● Working data
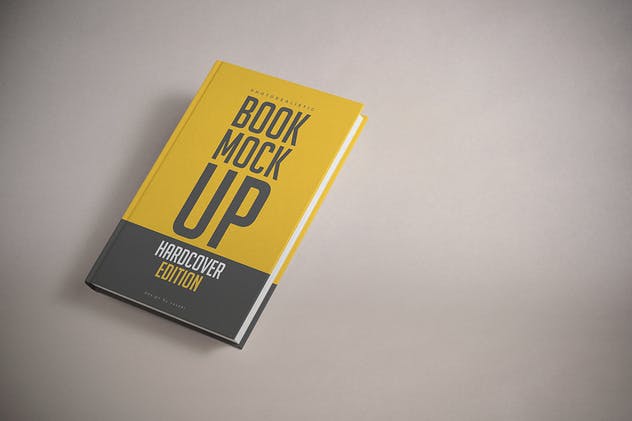 精装硬封书籍样机模板 Hardcover Book Mock-up插图(3)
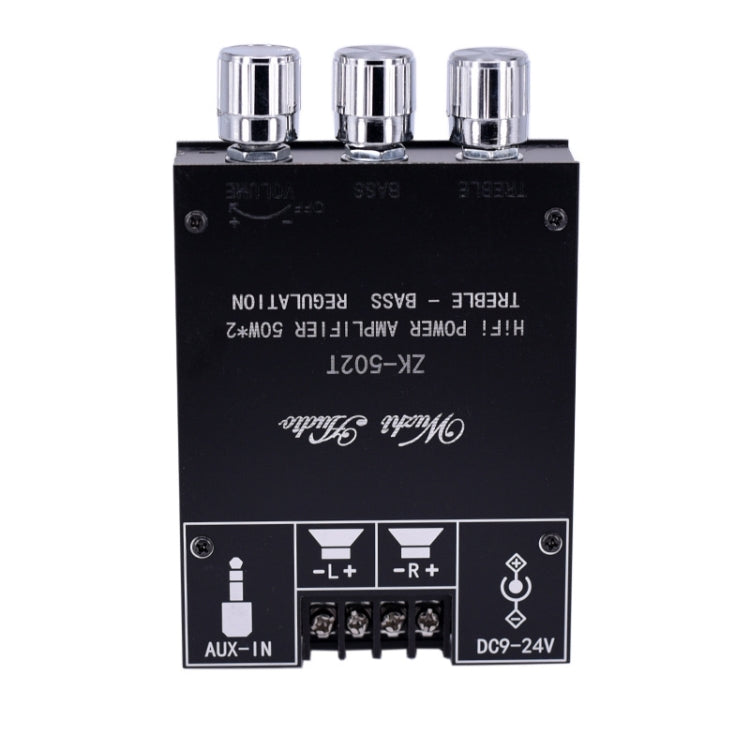 ZK-502T Bluetooth 5,0 50W x 2 inalámbrico TPA3116D2 estéreo HiFi Clase D Placa de Amplificador Amplificador de Audio estéreo, ZK-502T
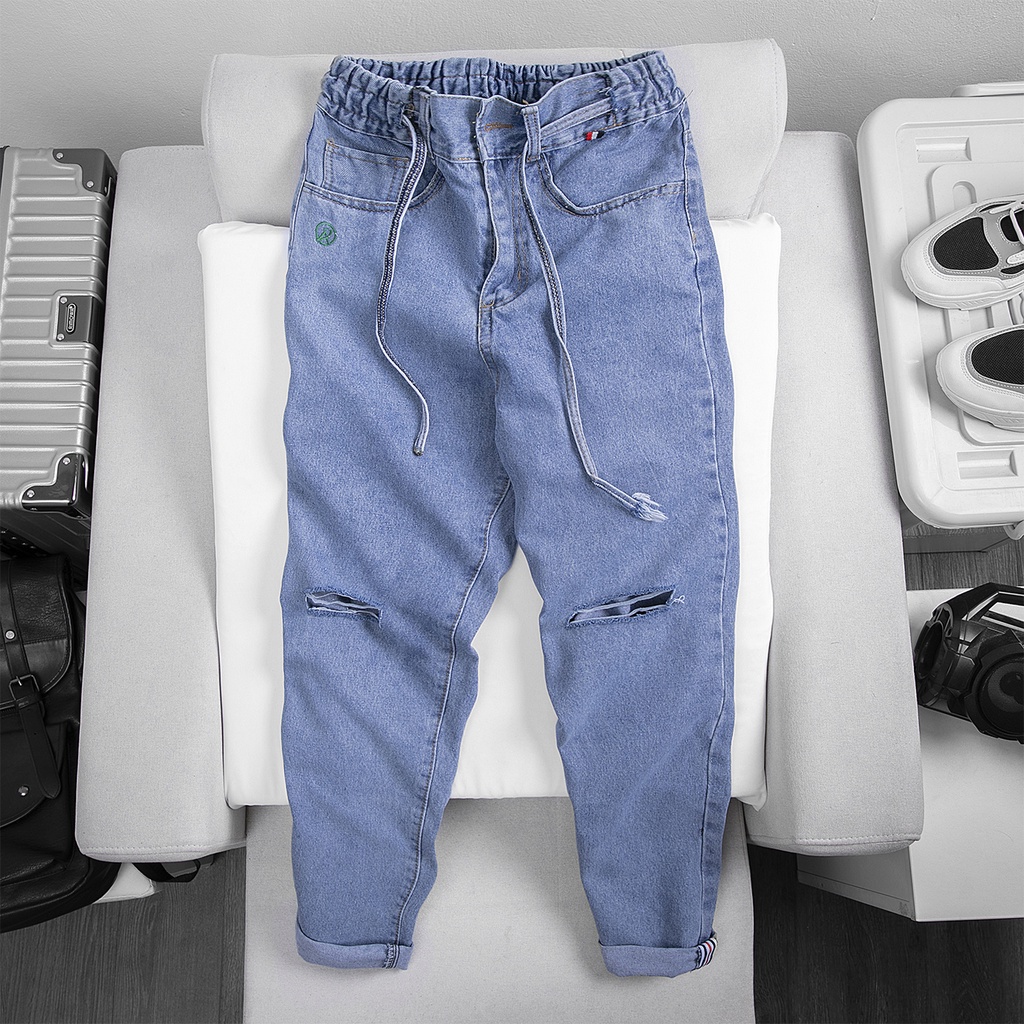 Quần Baggy Nam Nữ Unisex AROTI Rách Gối Chất Vải Dày Dặn Đẹp Cao Cấp Dáng Suông Rộng Thể Thao Trẻ Trung  J604-X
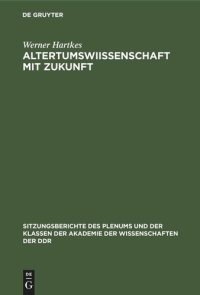 cover of the book Altertumswiıssenschaft mit Zukunft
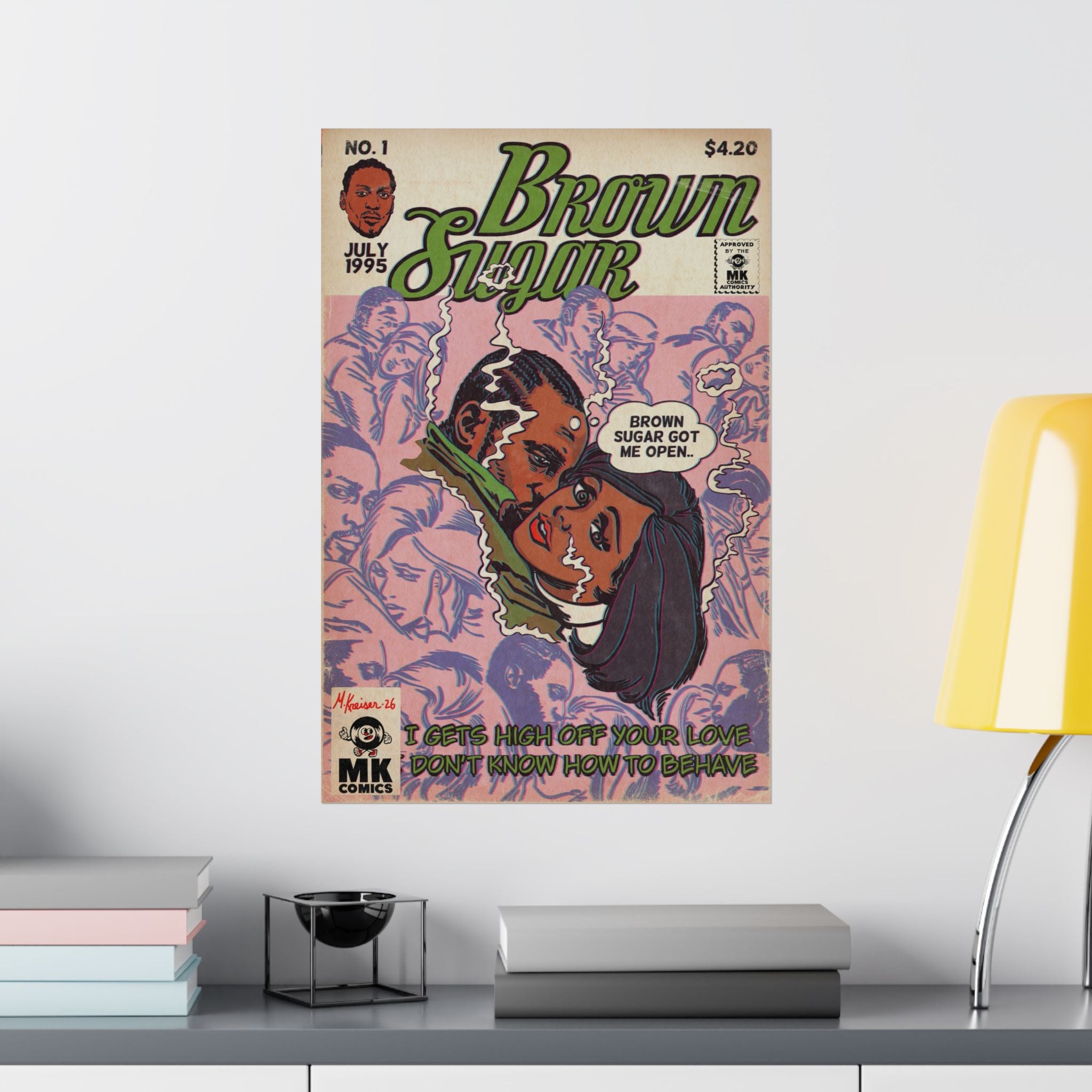 Brown Sugar - Matte Vertical Posters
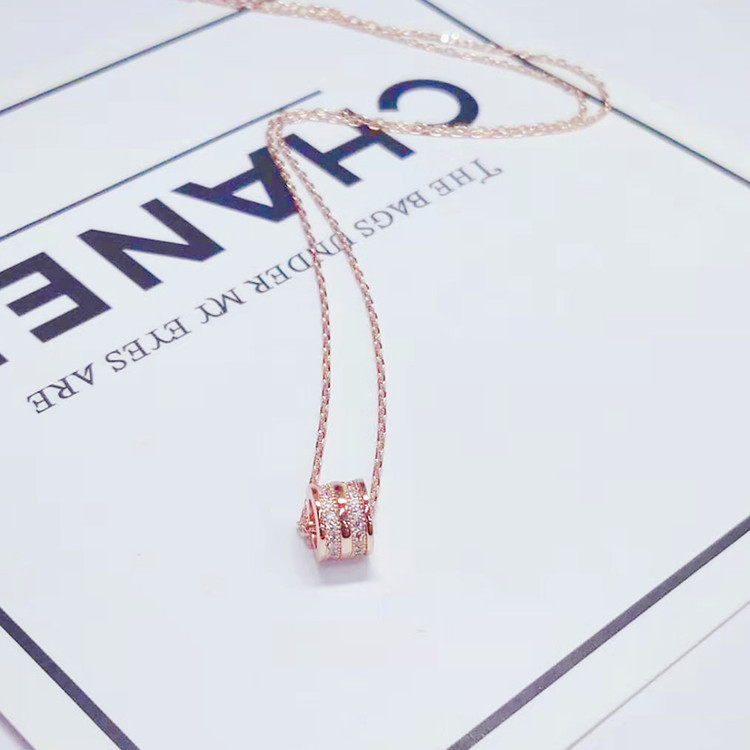 Zircon inlaid small waist necklace with personality, student temperament, simple design, lucky collarbone chain, gift wholesale-1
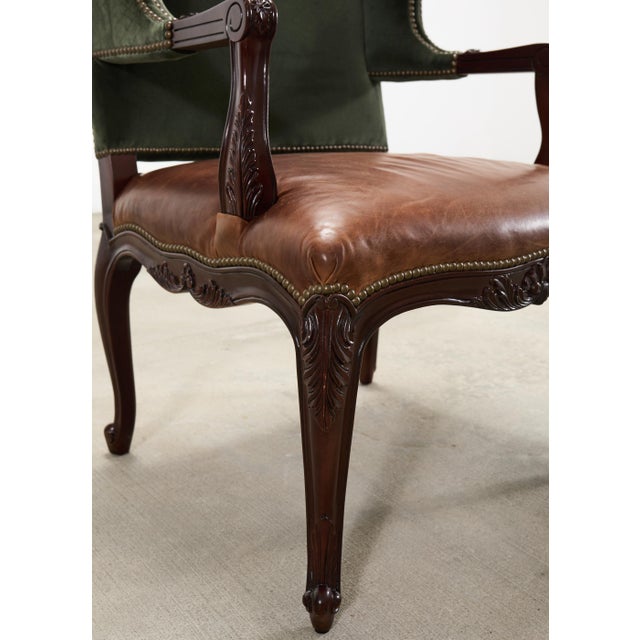 Ralph Lauren Conservatory Garden Wingback Dining Armchair For Sale - Image 16 of 18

● Problem description
The expected answer is the lines from the one that has "Brown Sugar - Matte Vertical Posters" to the end of the listing, transcribed exactly, with pictures left out and no other line added.

● Expected answer
 Brown Sugar - Matte Vertical Posters
 Zircon inlaid small waist necklace with personality, student temperament, simple design, lucky collarbone chain, gift wholesale-1
 Ralph Lauren Conservatory Garden Wingback Dining Armchair For Sale - Image 16 of 18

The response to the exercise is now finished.